I'll never forget seeing his 800 for the first time. We were only around ten years old, and I had no idea what a personal computer could or couldn't do. The vision I had was an all-knowing entity such as the bridge computer on Star Trek. I remember asking him, "Can you just type in a question and get an answer?" That was when I learned that the computer actually needed programs before it could do anything.
After showing me a couple of quick BASIC tricks (e.g. 10 PRINT "I'M AWESOME") he popped in a Shamus cartridge and the graphics blew me away.
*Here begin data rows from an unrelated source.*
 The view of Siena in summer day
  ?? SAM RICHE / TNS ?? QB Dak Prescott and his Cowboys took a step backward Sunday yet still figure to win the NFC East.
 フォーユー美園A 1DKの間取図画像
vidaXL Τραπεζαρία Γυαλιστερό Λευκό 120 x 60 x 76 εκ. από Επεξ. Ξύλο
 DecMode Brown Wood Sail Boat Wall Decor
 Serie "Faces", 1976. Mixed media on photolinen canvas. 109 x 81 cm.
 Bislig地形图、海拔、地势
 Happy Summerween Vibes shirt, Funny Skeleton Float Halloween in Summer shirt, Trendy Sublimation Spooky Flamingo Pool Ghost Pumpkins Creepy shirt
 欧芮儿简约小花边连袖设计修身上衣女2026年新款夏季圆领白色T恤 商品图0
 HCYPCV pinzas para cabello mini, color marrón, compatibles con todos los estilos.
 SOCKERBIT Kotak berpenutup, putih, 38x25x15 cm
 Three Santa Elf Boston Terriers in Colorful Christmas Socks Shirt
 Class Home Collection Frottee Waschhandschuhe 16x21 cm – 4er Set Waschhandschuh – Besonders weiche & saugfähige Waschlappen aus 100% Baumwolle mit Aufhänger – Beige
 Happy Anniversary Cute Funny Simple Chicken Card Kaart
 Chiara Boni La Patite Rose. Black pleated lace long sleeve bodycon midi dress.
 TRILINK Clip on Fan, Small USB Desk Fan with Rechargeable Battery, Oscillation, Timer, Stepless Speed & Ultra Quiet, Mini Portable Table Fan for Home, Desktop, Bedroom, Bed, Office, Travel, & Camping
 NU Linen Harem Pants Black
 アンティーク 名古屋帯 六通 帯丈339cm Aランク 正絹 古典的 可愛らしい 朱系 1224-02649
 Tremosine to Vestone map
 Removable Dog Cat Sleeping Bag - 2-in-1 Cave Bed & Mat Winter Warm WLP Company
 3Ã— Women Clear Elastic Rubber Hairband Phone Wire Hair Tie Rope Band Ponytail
Growing up with the 800 it always seemed like other computer users looked down on us a bit. I think because Atari was synonymous with gaming people always dismissed the 800 as a video game machine with a keyboard and not a real computer (The Apple ][ machines with their utilitarian green monochrome screens just looked so much more business-like.). I think this perception holds true a bit today, as evidenced by an eBay listing I saw recently for an "Atari 800 game console."
In all fairness to those critics, however, my friends and I did more gaming than anything else on our 800s, but I think that was probably true for most kids my age and computers. Still, from high school through college I wrote all of my term papers in AtariWriter. I couldn't have survived without it. I just wish I'd spent more time learning BASIC and less time playing M.U.L.E., but that was my fault, not the machine's.
I'm ashamed to say that one of the greatest things about being an Atari owner in the early days was the ease with which you could obtain pirated copies of games. Atari users naturally found each other and grouped together back then, and as soon as you met another Atari user the disc trading began. It's embarrassing now to think of the ratio of purchased to pirated games I had back then.
I honestly can't think of anything about the Atari 8-bit computers that I didn't like. I was still using my 130XE in college after most students were working on a Macintosh or an IBM PC. As a matter of fact, I didn't abandon my 130XE until 1992 when I purchased my first IBM PC.